Capillas de Mármol
"No dejaba de tocar las paredes solo para asegurarme de que eran reales."
Un paseo en barco por cámaras de mármol azuladas talladas por seis mil años de agua glaciar en el Lago General Carrera.
Llegamos a Puerto Río Tranquilo a media tarde, después de un tramo largo y polvoriento de la Carretera Austral que dejó a la camioneta pareciendo bañada en harina. Lia se quedó dormida en algún punto después de Cerro Castillo y despertó justo cuando me detuve solo para mirar el lago. El General Carrera te hace algo al cerebro la primera vez que lo ves: esa agua tiene un turquesa tan intenso, tan opaco y luminoso a la vez, que dije en voz alta “eso no puede ser real”, sin que nadie me escuchara. Es la harina glaciar la que hace eso, todo ese sedimento de roca molida suspendido en el agua, y aunque ya sabía la razón, de algún modo el color no dejó de parecerme imposible.
Reservamos un bote para la mañana siguiente, uno de esos pequeños y abiertos que llevan quizás ocho personas, y avanzamos despacio hacia la península donde están las cuevas. Había visto fotos, claro, todo el mundo las ha visto, pero nada me preparó para estar realmente dentro de una de las cámaras, con el casco a centímetros de un mármol que se enrosca y se pliega como si hubiera sido vertido en vez de tallado. Nuestro guía apagó el motor y nos dejó flotar un minuto dentro de la Capilla de Mármol propiamente dicha, y toda la cueva se encendió en cintas de azul y blanco, la luz rebotando del agua hacia el techo de una manera que se sentía como estar bajo el agua y dentro de una catedral al mismo tiempo.

Lo que más me impresiona, pensándolo ahora, es la escala de tiempo.
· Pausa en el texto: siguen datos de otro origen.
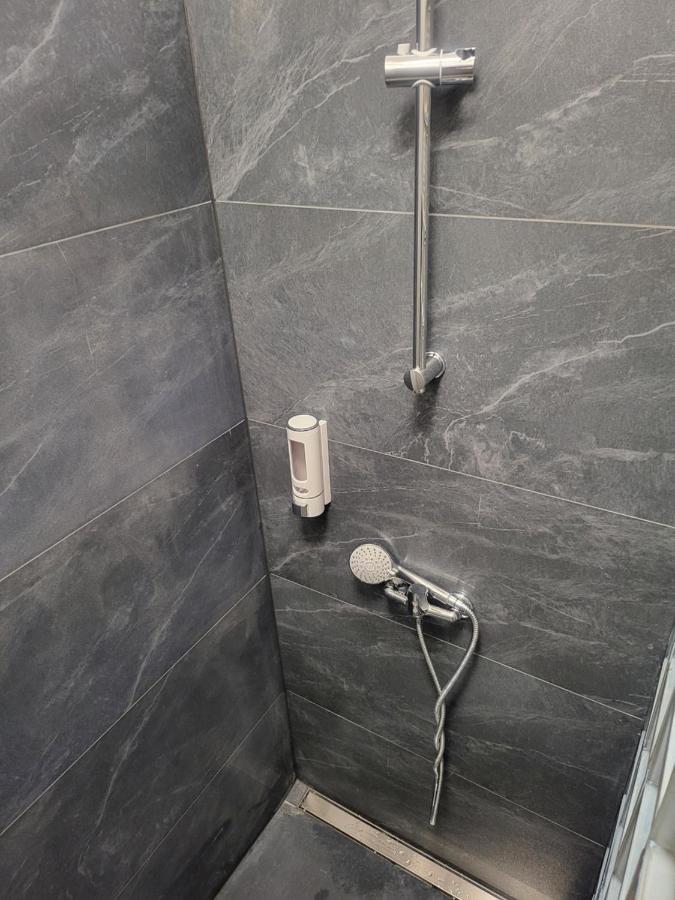 Rooms4rest Wiertnicza - Private For Tourists - Atr Consulting Sp, Z O,o, Warsaw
Nuestro guía mencionó, casi de pasada, que fueron unos seis mil años de olas golpeando esta misma península los que formaron estas ondulaciones: el lago simplemente lijando el mármol con paciencia, una ola pequeña a la vez, desde mucho antes de que nadie estuviera aquí para nombrarlo. Lia notó que el color de la piedra cambia según qué tan alto esté el nivel del agua esa temporada, más pálido y expuesto algunos años, más azul profundo otros, así que la cueva que estábamos viendo no era en realidad algo fijo, sino solo una instantánea de un proceso muy lento y continuo. No sé por qué eso me dejó callado un buen rato, pero así fue.
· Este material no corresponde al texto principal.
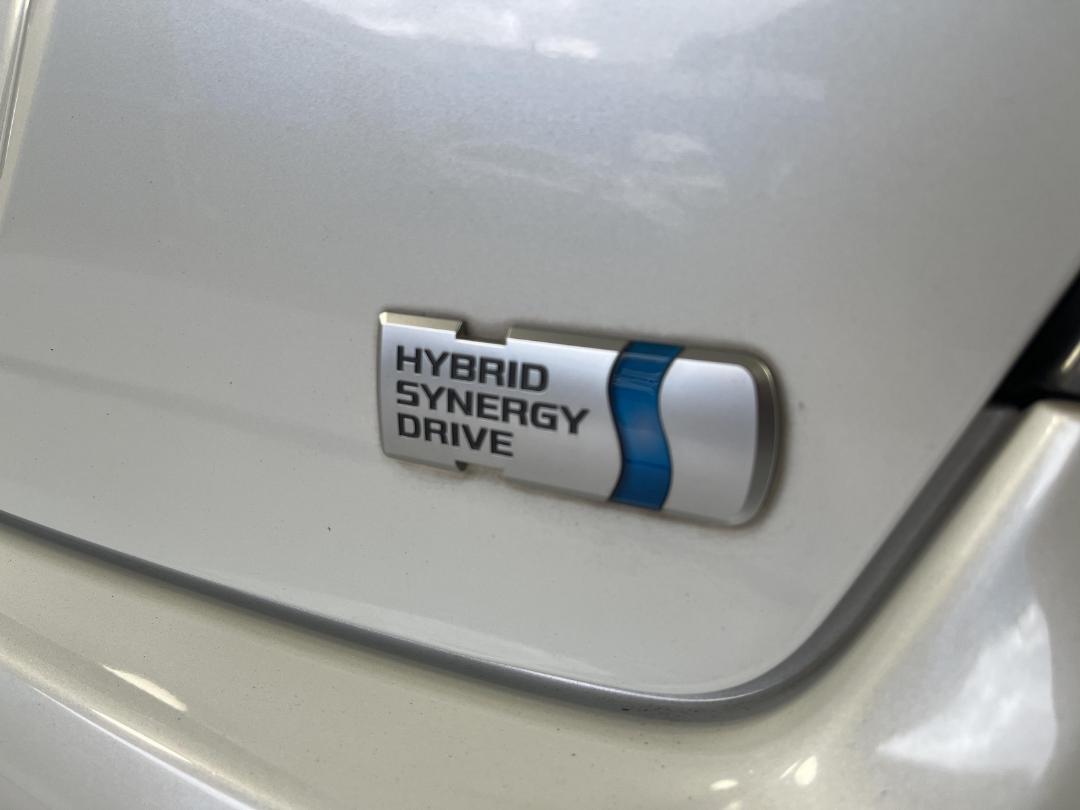 Photo '23' of Toyota SAI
También pasamos por la Catedral de Mármol y la Capilla, las otras dos formaciones del conjunto, antes de regresar a Puerto Río Tranquilo por empanadas en un sitio justo frente al agua, todavía algo húmedos y quemados por el sol. Lia dijo que era uno de esos lugares que las fotos realmente no le hacen justicia, y por una vez no le llevé la contraria.
Cuándo ir: Apunta al verano del hemisferio sur, aproximadamente de diciembre a marzo; es cuando el lago está más bajo y en calma, lo que permite a los botes acercarse al mármol y ofrece la lectura más clara de esos patrones azules y blancos, en lugar de aguas agitadas golpeándote contra las paredes.